Key Takeaways
- First-quarter 2026 revenue reached $399 million for Nebius, marking a 684% year-over-year increase and crushing EPS projections by 71.6%
- Citi analysts established a new Street-leading price target of $287 on NBIS shares, elevated from $169, while reaffirming their Buy stance
- Shares have climbed 138% since January and delivered a remarkable 434% return over twelve months, pushing market capitalization near $55.65 billion
- Major customer agreements include approximately $27 billion with Meta and $17.4 billion with Microsoft; Nvidia committed $2 billion in capital during March
- Capital expenditure guidance for 2026 increased to $20–$25 billion, with management targeting an annual revenue run rate between $7–$9 billion by December
Nebius Group delivered remarkable first-quarter financial performance while securing Wall Street’s most bullish price projection from Citi, cementing its position as a must-watch AI infrastructure stock.
First-quarter 2026 sales totaled $399 million, representing a dramatic 684% surge from the prior-year figure of $50.9 million. The result exceeded market predictions significantly. Earnings per share registered at -$0.23 compared to analyst consensus of -$0.81, representing a positive variance of 71.6%.
Shares rallied 15.72% during the trading session following the earnings announcement. The stock has appreciated 138% since the beginning of the year and posted gains of 434% across the trailing twelve-month period.
Citi responded swiftly to the quarterly disclosure. Shortly after results were published, the investment bank elevated its valuation target to $287 from its previous $169 mark, establishing the highest projection among Wall Street firms while maintaining a Buy recommendation. The rationale centered on Nebius’s exceptional expansion trajectory and the substantial infrastructure contracts underpinning future performance.
The AI Cloud division powered the company’s growth, posting an 841% increase to reach $390 million in revenue. Adjusted EBITDA transformed from a $53.7 million deficit to a $129.5 million surplus. Net income from continuing operations reversed from a $104.3 million loss to generate $621.2 million in profit.
Challenges remain visible in the financial picture. Adjusted net loss expanded to $100.3 million from $83.6 million in the comparable period, reflecting substantial investment requirements to support rapid scaling. Management also increased its 2026 capital expenditure forecast to a range of $20–$25 billion, elevated from the prior $16–$20 billion guidance.
Strategic Partnerships Fuel Long-Term Pipeline
Substantial infrastructure agreements anchor the company’s forward outlook. A multi-year arrangement valued near $27 billion with Meta, combined with a $17.4 billion commitment from Microsoft, establishes a substantial multi-year revenue foundation. Nvidia contributed $2 billion in strategic investment during March and is collaborating with Nebius on cloud infrastructure solutions for robotics and physical AI applications.

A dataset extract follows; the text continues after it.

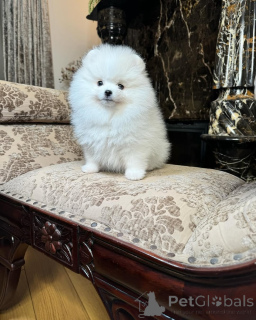 Photo №1. spitz nain - à vendre en ville de Amberg | 455€ | Annonce №166628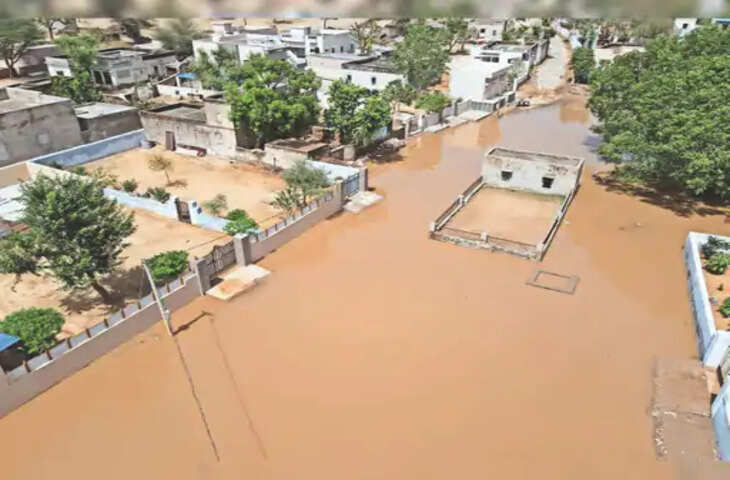 Nagaur 70-75 किमी प्रति घंटे की रफ्तार से चली हवा में पेड़ उखड़ गए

Construction has commenced on a gigawatt-scale AI facility located in Independence, Missouri. Additional expansion plans include a 1.2 GW power supply agreement supporting a potential $20 billion buildout across the United States.
The company maintains ownership of over 75% of its contracted power capacity, an exceptionally high percentage for AI cloud infrastructure providers. This ownership structure delivers enhanced margin control and cost advantages compared to competitors who predominantly lease their energy requirements.
Strategic Acquisitions and Technology Integration
Nebius continues platform expansion through targeted acquisitions. The company intends to acquire Eigen AI to enhance its Token Factory inference platform, while onboarding Clarifai’s engineering team and licensing inference intellectual property to accelerate model deployment capabilities.
An agreement to acquire Tavily will introduce agentic search functionality to the cloud portfolio. A strategic alliance with CrowdStrike delivers comprehensive security across its next-generation cloud infrastructure.
The organization introduced Nebius AI Cloud 3.5, featuring serverless AI capabilities that enable developers to access on-demand computing resources without infrastructure management overhead.
Balance sheet metrics show $9.3 billion in cash holdings against $8.4 billion in long-term debt obligations as of the first-quarter conclusion.
Management projects the company will reach an annual revenue run rate spanning $7–$9 billion by the conclusion of 2026. The subsequent quarterly earnings disclosure is calendared for August 6, 2026. Wall Street analysts currently model Q2 2026 EPS at -$0.69.
Across a panel of 14 analysts, the consensus recommendation stands at “Moderate Buy” with a mean price objective of $205.20.